Note that implementations don't have to use this, since it might be used on the constructor which is outside the main API.

[jquinn47]

I do like @jmacd's idea. For C++ at least, I would take it one step farther and enrich the existing Span interface to require externalize(map<string, string>&) or externalize(vector<char>&).

By doing so, we can specialize the type system but always have a reliable fallback. None of this would require runtime checks on behalf of the implementor. C++ would do it for us via double dispatch. (No guarantees this compiles, but I think i hope it gets the point across.)

class Span {
    // all of the current span methods ...
    virtual void externalize(map<string, string>& ) = 0;

     virtual void accept(Carrier *) = 0;
};

struct RedSpan: public Span{
  void externalize(map<string, string>& m){ m["id"] = std::to_string<int>(_id); }

  void accept(Carrier* c) { c->acceptSpan(this); }
  int _id;
};

struct BluSpan: public Span{
   void externalize(map<string, string>&m) { m["bid"] = _id; }
   void accept(Carrier* c) { c->acceptSpan(this); }
   string _id;
};

struct Carrier {
    virtual void acceptSpan(Span*) = 0;
};

struct CarrierImp {
    virtual void acceptSpan(Span * s){ 
      map<string, string> m; 
      s->externalize(m); 
  } 
   virtual void acceptSpan(RedSpan *rs) {
       string& id = rs->_id;
   }
};

This was one of my original thoughts when tackling the API, but it required that the Span interface be enhanced. I thought the spec was pretty rigid at the time, and wasn't sure how welcome an addition to the base span interface would be, but it does clean up some things nicely.

I'm not convinced I've thought through all of the ramifications yet. I'm most concerned about when we have different tracers interoperating, but I'll save all of that for Tuesday.

[jquinn47]

Upon further review, I'm not sure my previous idea would work either. Span's would still need about all the carriers and vice versa. The physical organization of the libraries would still be a problem :(

[jquinn47]

Submitted a virtual inheritance rough draft in #7. Trade offs:

Pros:

• Traditional OO
• Gains ability to multiplex

Cons:

• Carrier code is harder to get right (minor)
• More expensive 'no-ops' (minor)

I didn't want to close this PR, but I'd hate to split the discussions across two of them. I'll let the opentracing gurus decide where the discussions should continue.

[bhs]

First, to summarize what was a fun and productive hangout today with @jquinn47, @SaintDubious, @lookfwd, @yurishkuro, @RomanDzhabarov, @jmacd, @tedsuo, and myself:

• Maintaining both C++98 and C++11 OpenTracing libraries is problematic, especially for (C++11) processes that mix libraries that depend on both.
• C++11 features can be built as a wrapper around a C++98 core.
• Concerns were raised about the template-driven approach... mainly cognitive overhead and Tracer multiplexing. Hence @jquinn47's speedy turnaround with opentracing-cpp re-redux (virtual inheritance) #7.
• We spent a while talking about custom formats+carriers and how to manage dependencies sanely along those lines.

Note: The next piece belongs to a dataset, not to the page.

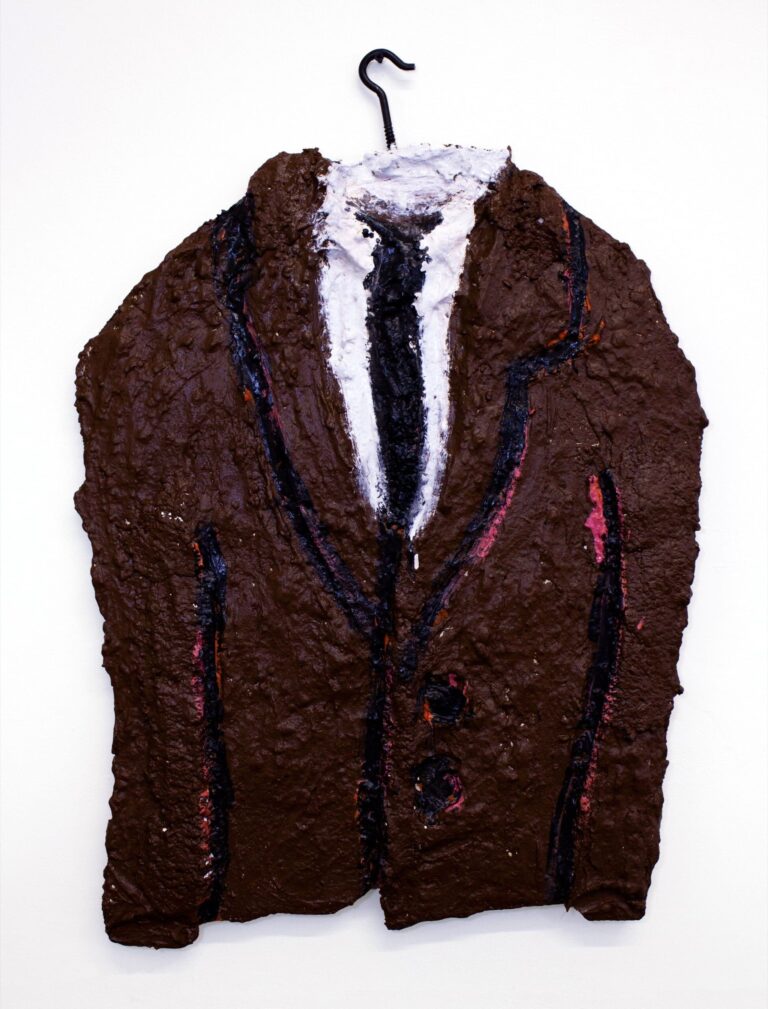 Reniel Del Rosario, Sturtevant Store Object: Men’s Jacket with Shirt and Tie. Photo courtesy of Praise Shadows Art Gallery. Reniel Del Rosario, Sturtevant Store Object: Men's Jacket with Shirt and Tie. Photo courtesy of Praise Shadows Art Gallery.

Anyway, @jquinn47: thank you for #7! IMO it's a worthwhile tradeoff. I feel odd cutting the (valuable) discussion in this PR off... let's wait for other opinions about #6 vs #7 and we can go from there.

[SaintDubious]

Thank you @bensigelman for arranging the hangout yesterday, that was extremely useful. And thank you @jquinn47 for quickly giving us a new API to consider.

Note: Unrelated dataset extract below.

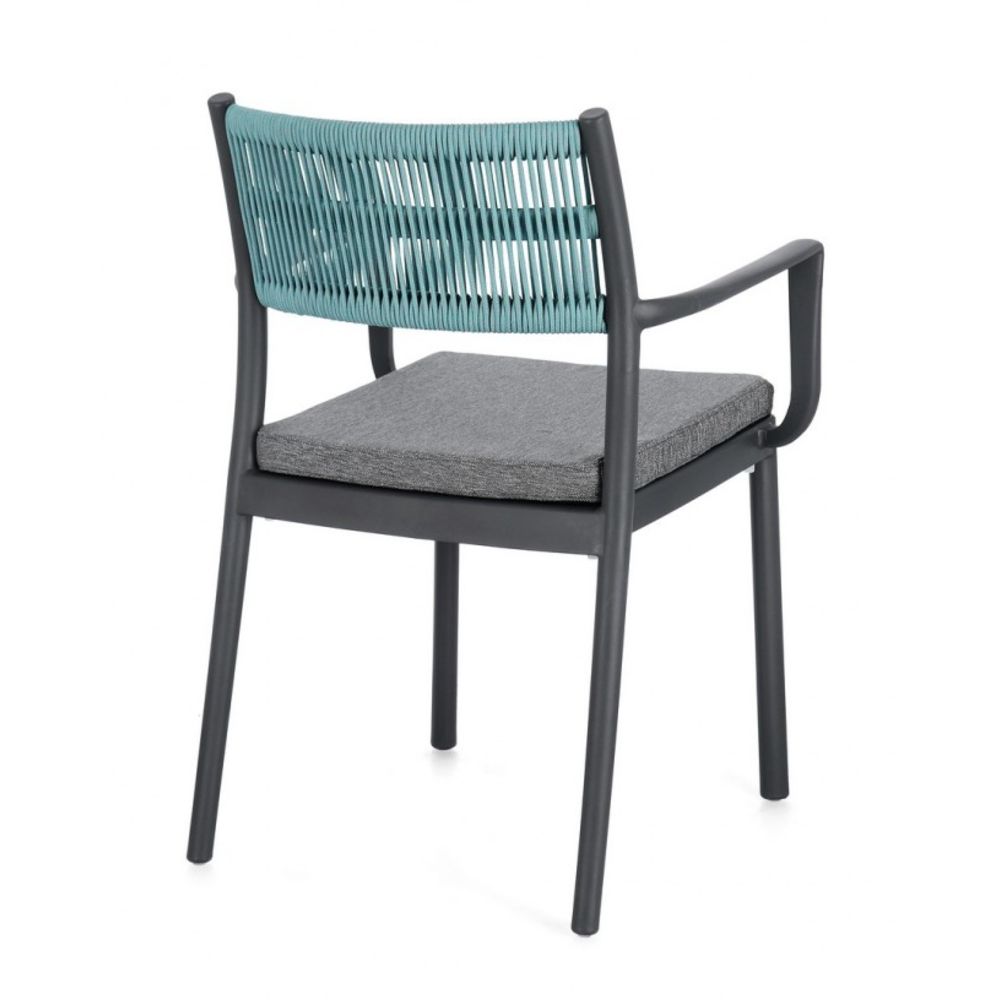 set di 4 sedie alvin in polipropilene antracite e corda intrecciata blu, con braccioli, dettaglio della finitura in metallo,...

My attempt to summarize the sticking point over Carriers and Spans:

• Ben considers the ability to select Span type at runtime to be a feature
• We consider this same exact ability to be a design flaw

For us, there is no way to change Span types over our system. There are too many services, transport mechanisms, and languages, there is no realistic way to upgrade them all. So we have to enforce exactly one Span type.

With the Virtual approach we have to play policy police with every Carrier implementer and say "You MUST cast this virtual Span to a concrete type and you may NEVER use anything else." Eventually some team will decide that within their island of services they are going to use some OTHER Span type and eventually that will leak out and the whole system becomes unstable.

We feel that the virtual approach allows for a flexibility that is dangerous to the system. It would be very helpful for us if someone has some real world examples of when they might want to use this feature.

[lookfwd]

The way I perceived it, there was no definite "Span (or anything) at runtime has to be there." What I felt was mostly that "there's a "cognitive overhead" on templates.. the more we can narrow their usage, the better. Let's keep the virtual approach (main benefit: simplicity) still a bit open till we are definitely convinced that there's no way to specify correct and generic enough implementations by using it."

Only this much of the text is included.